§ **Exercise data**
[Start of Attachment]
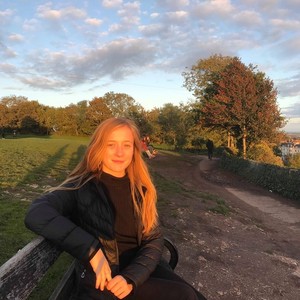Jade - Prof d'anglais - 
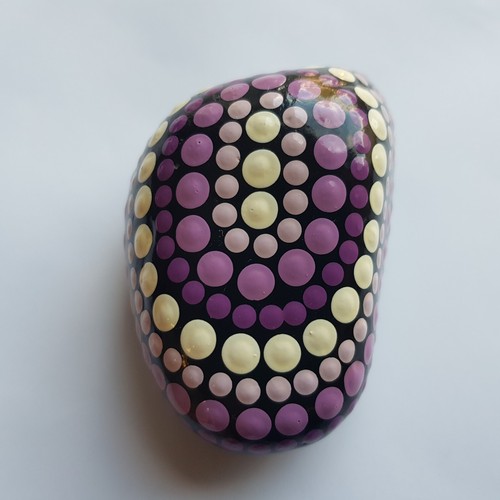 Pisapapeles Mandala Art Stone Guijarro puntos pintado violeta lila meditación - Imagen 8 de 14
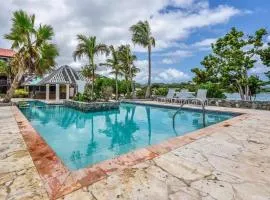 Beachfront Condo Just Steps from the Sand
[End of Attachment]
§ **Exercise**
When copying the listing, skip the pictures and keep each line exactly as written.

§ **Written reply**
Jade - Prof d'anglais - 
 Pisapapeles Mandala Art Stone Guijarro puntos pintado violeta lila meditación - Imagen 8 de 14
 Beachfront Condo Just Steps from the Sand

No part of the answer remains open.